Pour que personne ne subisse de discrimination en Arménie, ni dans la sphère publique ni dans la sphère privée, les autorités devraient adopter rapidement une loi exhaustive contre la discrimination. Le gouvernement devrait aussi prendre fermement position contre le discours de haine et les infractions motivées par la haine dont les personnes lesbiennes, gays, bisexuelles et transgenres (LGBT) sont la cible, et veiller à ce que tous ces incidents soient clairement dénoncés publiquement, et qu’ils donnent lieu à des enquêtes et des poursuites.

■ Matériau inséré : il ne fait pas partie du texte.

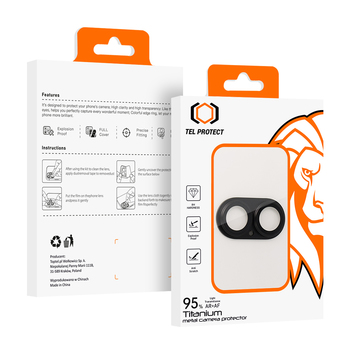 Hartowane szkło Tel Protect 95% AR+AF Full Metal Camera Protector na aparat do Iphone 17 czarne (wyspa)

Concernant les violences de mars 2008, la Commissaire se réjouit des dispositions prises par l’Arménie pour faire enfin toute la lumière sur la mort des 10 personnes tuées lors de ces événements et pour clore ce chapitre douloureux de l’histoire récente du pays. Elle souligne toutefois qu’il faut mener ce processus "avec prudence et dans le strict respect des principes de l’état de droit, de l’indépendance et de la transparence de la justice, ainsi que des garanties à un procès équitable, afin d’écarter tout soupçon de vengeance politique ou de justice sélective".

"En cette période où l’Arménie traverse une importante transition, j’encourage tous les responsables politiques et leaders d’opinion à contribuer à bâtir une société cohésive et à prendre tout particulièrement soin d’éviter de tenir des propos stigmatisants, incendiaires ou destinés à créer des divisions", a conclu Dunja Mijatović.

La Commissaire publiera prochainement un rapport sur sa visite en Arménie.